The meetings of the California State Water Board are generally not very interesting. nor do they generate much news. Tuesday’s meeting may be different. The board will consider what Governor Gavin Newsom’s office calls a “ban on watering of non-functional turf” statewide at commercial and industrial sites, and as the Chronicle reports, the possibility of eventually levying mandatory water restrictions at every local water district in the state.
“Every water agency across the state needs to take more aggressive actions to communicate about the drought emergency and implement conservation measures,” Newsom said in a release about his Monday meeting with those local water agencies. “Californians made significant changes since the last drought but we have seen an uptick in water use, especially as we enter the summer months. We all have to be more thoughtful about how to make every drop count.”
The ban on watering non-functional turf is pretty cut-and-dry (pardon the expression), it would go into effect June 10 if passed. This does not cover residential lawn watering, though several southwest California water districts have already banned residential lawn watering.
Newsom’s potential statewide restrictions are looking a little more opaque. The Associated Press reports that Newsom will “meet with the water agencies again in two months” to “reassess conservation progress" but explicit next steps were unclear.
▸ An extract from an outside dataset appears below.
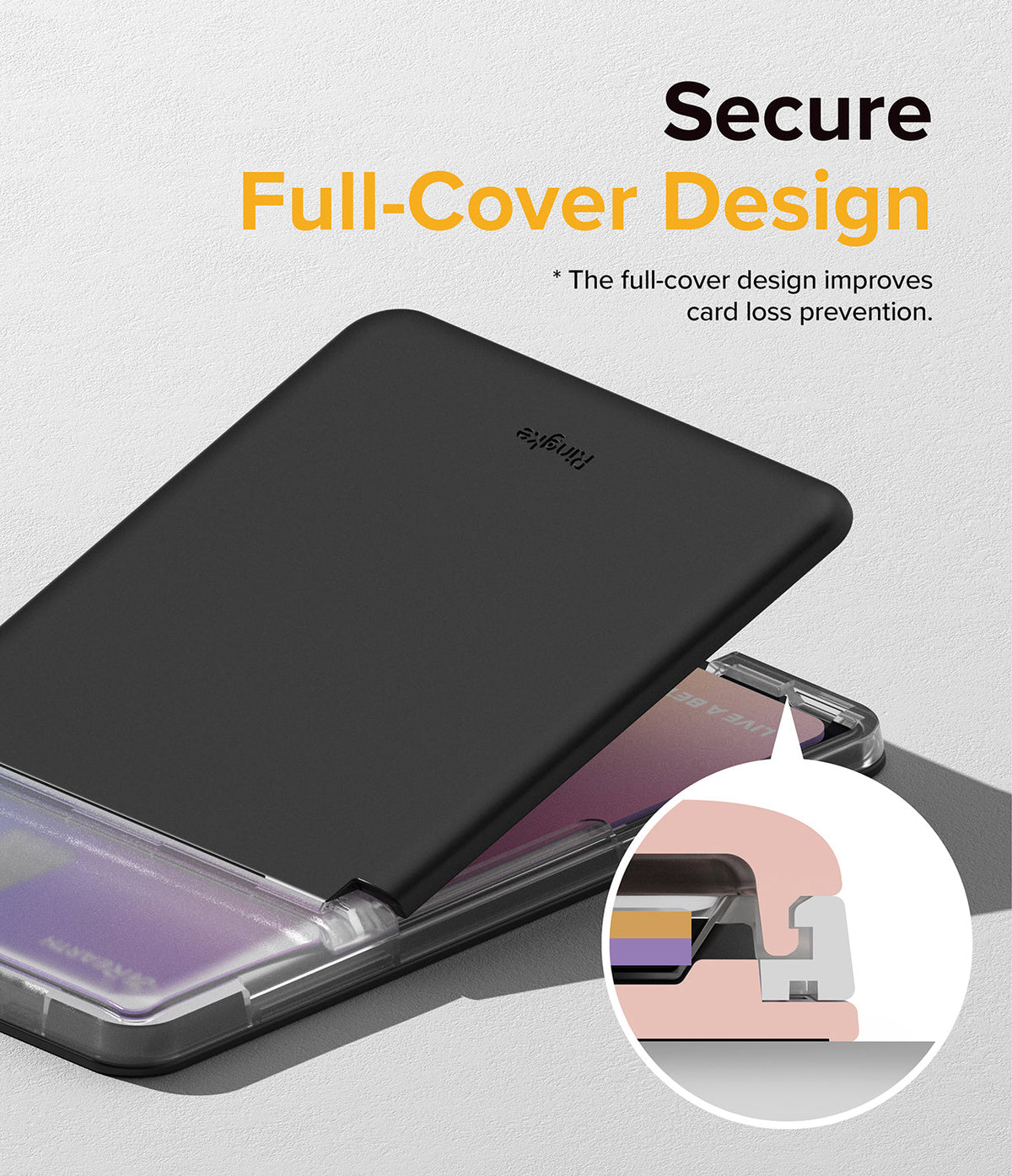 Card Holder | Stand Slot - Matte black card holder with a full-cover design and a diagram showing secure card retention.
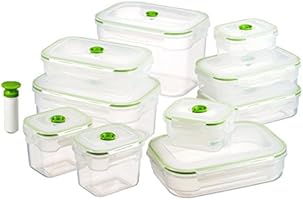 Vacuumsaver FLS10 Flavia Lot de 10&nbsp;bo&icirc;tes de mise sous vide de taille diff&eacute;rente + pompe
California usually gets most of its rain in January through March, and obviously, we didn't get much this year. And after Newsom called on Californians to reduce their water usage by 15% last summer, the Bay Area managed to reduce its water use, but not even by 2%. Meanwhile, many parts of the state actually increased their water usage.
If you want to get a jump on this, and hopefully avoid the restrictions, the governor’s office recommends limiting your outdoor watering, taking shorter showers and not taking baths, using brooms instead of water hoses to clean patios and sidewalks, and washing fuller laundry loads instead of smaller loads.